- About this task:
In the records below, find the line holding "437ccm必赢国际官网" and the line holding "103 Rockywood Way, Niceville, FL 32578". Set down both, with every line between them, exactly.
*** Entries shown ***
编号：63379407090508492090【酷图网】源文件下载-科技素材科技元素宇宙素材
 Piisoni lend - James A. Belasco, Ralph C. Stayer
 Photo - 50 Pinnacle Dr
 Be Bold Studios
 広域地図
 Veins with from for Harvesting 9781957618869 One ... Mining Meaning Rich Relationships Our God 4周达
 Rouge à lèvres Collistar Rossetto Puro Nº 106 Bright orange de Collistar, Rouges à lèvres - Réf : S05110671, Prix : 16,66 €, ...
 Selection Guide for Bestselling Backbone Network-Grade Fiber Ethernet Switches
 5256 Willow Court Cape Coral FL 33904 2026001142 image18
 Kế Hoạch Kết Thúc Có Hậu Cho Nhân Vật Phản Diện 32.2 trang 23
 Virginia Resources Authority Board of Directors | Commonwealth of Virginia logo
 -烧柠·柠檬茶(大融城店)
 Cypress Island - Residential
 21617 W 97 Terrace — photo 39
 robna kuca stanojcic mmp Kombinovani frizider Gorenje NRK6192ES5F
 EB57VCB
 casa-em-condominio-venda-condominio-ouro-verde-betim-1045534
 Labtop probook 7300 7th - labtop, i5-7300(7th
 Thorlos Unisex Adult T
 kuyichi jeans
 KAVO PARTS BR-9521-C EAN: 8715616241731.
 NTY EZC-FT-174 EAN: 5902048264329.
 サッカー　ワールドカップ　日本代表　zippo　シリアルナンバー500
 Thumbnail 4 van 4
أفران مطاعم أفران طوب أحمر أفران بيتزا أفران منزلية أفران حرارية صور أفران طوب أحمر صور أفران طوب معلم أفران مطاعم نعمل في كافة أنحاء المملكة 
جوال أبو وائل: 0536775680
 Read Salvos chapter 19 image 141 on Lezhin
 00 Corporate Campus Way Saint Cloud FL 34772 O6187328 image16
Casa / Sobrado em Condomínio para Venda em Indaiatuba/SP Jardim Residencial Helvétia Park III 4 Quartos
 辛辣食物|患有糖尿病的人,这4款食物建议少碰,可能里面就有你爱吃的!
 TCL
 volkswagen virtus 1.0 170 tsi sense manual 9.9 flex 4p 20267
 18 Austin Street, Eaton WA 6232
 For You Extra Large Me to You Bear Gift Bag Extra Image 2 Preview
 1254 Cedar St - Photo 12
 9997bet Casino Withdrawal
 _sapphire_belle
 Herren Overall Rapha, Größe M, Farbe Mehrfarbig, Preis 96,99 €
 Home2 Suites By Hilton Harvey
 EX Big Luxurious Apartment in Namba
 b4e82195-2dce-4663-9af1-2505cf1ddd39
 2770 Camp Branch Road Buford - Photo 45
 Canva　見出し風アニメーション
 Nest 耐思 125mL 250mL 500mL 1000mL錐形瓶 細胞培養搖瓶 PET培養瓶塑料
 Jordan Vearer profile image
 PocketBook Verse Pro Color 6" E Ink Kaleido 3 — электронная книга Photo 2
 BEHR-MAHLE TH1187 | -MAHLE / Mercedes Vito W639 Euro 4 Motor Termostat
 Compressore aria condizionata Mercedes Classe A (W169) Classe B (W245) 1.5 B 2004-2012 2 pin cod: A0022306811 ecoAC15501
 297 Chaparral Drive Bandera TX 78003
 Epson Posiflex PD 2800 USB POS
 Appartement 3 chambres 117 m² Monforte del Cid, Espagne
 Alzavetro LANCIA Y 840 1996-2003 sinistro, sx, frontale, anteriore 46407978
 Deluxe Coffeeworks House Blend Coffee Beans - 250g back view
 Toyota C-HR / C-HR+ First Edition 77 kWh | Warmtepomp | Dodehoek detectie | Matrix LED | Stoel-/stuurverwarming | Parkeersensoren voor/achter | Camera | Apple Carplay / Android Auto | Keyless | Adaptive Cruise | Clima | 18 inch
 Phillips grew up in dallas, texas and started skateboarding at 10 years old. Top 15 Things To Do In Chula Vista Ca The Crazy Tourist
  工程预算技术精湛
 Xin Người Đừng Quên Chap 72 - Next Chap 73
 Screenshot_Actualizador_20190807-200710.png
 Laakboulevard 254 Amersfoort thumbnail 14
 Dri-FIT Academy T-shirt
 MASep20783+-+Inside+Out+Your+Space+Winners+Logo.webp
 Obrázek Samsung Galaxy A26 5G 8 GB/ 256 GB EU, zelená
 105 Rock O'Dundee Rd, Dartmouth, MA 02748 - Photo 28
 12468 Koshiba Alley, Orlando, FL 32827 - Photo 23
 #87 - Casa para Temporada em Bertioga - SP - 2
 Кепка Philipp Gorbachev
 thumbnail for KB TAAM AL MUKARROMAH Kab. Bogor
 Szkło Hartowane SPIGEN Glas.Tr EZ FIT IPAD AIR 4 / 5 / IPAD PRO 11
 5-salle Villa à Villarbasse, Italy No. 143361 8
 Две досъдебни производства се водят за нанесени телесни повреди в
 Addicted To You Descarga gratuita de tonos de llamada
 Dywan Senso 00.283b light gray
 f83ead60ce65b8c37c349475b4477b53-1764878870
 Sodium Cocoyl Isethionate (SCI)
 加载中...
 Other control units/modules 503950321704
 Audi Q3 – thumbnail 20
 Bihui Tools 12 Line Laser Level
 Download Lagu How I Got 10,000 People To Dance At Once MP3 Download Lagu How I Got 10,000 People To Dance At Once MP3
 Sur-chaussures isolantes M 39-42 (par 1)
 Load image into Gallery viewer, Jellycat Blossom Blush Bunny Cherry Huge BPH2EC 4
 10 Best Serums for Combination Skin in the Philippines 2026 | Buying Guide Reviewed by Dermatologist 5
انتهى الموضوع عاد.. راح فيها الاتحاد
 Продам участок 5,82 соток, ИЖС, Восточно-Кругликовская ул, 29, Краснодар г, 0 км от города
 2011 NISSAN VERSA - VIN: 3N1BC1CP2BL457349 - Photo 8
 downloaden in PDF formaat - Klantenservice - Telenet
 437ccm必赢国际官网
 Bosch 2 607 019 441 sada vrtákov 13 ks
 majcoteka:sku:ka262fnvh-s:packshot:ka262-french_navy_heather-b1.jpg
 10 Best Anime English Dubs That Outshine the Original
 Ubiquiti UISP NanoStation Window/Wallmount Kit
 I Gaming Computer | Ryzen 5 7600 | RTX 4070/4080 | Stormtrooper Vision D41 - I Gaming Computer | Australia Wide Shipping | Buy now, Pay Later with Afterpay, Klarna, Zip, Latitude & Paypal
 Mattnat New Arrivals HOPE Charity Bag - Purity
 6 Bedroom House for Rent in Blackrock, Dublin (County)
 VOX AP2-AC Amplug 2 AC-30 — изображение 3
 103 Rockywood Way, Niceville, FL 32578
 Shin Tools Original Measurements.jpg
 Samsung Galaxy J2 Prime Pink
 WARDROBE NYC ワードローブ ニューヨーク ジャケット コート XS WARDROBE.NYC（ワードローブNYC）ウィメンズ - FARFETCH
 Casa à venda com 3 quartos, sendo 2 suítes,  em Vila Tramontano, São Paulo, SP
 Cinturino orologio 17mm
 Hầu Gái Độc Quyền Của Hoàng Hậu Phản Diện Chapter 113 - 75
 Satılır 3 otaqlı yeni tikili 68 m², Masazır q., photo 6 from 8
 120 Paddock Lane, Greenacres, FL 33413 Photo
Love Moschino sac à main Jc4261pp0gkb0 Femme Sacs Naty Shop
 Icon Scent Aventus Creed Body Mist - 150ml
***
- Answer to this problem:
 437ccm必赢国际官网
 Bosch 2 607 019 441 sada vrtákov 13 ks
 majcoteka:sku:ka262fnvh-s:packshot:ka262-french_navy_heather-b1.jpg
 10 Best Anime English Dubs That Outshine the Original
 Ubiquiti UISP NanoStation Window/Wallmount Kit
 I Gaming Computer | Ryzen 5 7600 | RTX 4070/4080 | Stormtrooper Vision D41 - I Gaming Computer | Australia Wide Shipping | Buy now, Pay Later with Afterpay, Klarna, Zip, Latitude & Paypal
 Mattnat New Arrivals HOPE Charity Bag - Purity
 6 Bedroom House for Rent in Blackrock, Dublin (County)
 VOX AP2-AC Amplug 2 AC-30 — изображение 3
 103 Rockywood Way, Niceville, FL 32578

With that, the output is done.